Though the current boom experienced by the sector is expected to last another two or three years, it is no secret that the economy is cyclical and another downturn will follow. However, the next one shouldn’t be as dramatic as the one prompted by the 2008-09 financial crisis, which bodes well for hotels that did recover.
“If you’re a realist, we see growth as cyclical. Every few years we get a dip, then recover and go further. Hopefully the next dip won’t be as severe as the previous one and those who rode it out will continue to survive and get stronger,” said Lionel Benjamin, director of hotels at Topland.
In his view though, the London boom is here to stay as the city can’t grow much more while demand will keep going from strength to strength.
Technology and visibility
Beth Bailey, marketing director of Premier Cottages, pointed to questions over the strength of the recovery, particularly as Germany is growing less quickly than anticipated.
“The critical thing is to make yourself as visible as possible. Googling independent hotels last night I was surprised to see that 90 per cent of the ones I looked at didn’t have mobile-responsive websites, which is massively significant for bookings. If people can’t see you, they won’t buy your product, no matter how fantastic it is,” she explained.
For Nik Gupta, director of hotels and car hires at metasearch site Skyscanner, the recovery has created growth opportunities, but it’s 'very fragile'.
“With what’s happening in the Middle East and Caucasus, all it takes is one little push to slide back into recession. You’ve got to start protecting assets, look at technology and ensure that you control it and do what you can do best. Your website is your window to the world,” he advised, pointing out that by ensuring daily changing content, adding reviews to hotel websites is an important SEO driver.
Although the mid-market is most at risk during recessions, the luxury segment has shown particular resilience.
“Every time we’ve had recessions or geopolitical issues, hotels in the luxury market have recovered within only 18 months,” said Paul Kerr, chief executive of Small Luxury Hotels of the World.
And in London, recovery time is even shorter, as Benjamin remembered. “London recovered in less than 18 months after 9/11 and 7/07. We took a blip but recovered very quickly.”

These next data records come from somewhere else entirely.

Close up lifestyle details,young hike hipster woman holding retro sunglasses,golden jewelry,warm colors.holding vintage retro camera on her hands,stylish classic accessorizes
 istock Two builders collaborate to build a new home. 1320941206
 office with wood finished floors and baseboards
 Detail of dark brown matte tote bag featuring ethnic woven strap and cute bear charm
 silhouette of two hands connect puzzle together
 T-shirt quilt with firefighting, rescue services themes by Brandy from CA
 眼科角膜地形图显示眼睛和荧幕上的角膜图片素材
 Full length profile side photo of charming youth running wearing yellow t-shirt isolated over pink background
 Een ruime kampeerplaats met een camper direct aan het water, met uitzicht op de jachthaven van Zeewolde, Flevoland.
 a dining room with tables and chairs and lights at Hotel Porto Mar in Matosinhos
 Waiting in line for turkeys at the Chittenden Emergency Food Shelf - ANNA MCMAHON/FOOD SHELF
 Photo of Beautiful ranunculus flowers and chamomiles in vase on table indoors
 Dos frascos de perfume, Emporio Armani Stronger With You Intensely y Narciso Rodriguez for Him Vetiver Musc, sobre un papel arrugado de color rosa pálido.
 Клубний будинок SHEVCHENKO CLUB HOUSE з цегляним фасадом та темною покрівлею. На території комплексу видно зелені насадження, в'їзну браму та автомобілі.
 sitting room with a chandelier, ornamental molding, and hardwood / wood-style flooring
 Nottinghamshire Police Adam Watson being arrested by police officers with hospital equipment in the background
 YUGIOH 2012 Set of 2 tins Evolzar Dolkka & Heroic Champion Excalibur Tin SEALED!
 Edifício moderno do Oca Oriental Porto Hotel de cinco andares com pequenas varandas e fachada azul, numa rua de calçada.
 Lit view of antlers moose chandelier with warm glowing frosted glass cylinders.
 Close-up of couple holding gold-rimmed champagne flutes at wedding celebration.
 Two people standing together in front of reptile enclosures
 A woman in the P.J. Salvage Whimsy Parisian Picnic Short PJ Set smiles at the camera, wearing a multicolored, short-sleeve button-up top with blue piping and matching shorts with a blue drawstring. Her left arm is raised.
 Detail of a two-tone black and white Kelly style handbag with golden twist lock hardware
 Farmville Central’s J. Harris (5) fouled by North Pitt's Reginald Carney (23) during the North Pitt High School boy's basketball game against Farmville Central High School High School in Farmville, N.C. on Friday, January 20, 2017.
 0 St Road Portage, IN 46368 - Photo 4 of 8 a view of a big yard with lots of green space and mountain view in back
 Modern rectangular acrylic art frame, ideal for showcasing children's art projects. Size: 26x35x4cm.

According to Benjamin, pricing still has room for growth. Across Topland’s mid-market portfolio in the provinces, average daily rate (ADR) stands at around £65, which he believes can be improved with revenue management systems, web exposure and marketing, but also by factoring in secondary revenue such as food and beverages or spa treatments.
Gupta explained that though rates are almost at the same level they were in 2006, costs have gone up, creating a drop in profitability.
“Distribution is going to be key, and that’s where independents will have a challenge compared to brands. They also need to embrace technology and go mobile. 89 per cent of users start their search on one platform and complete their booking on another platform, so you need to ensure that your users get the same experience across all platforms,” he said.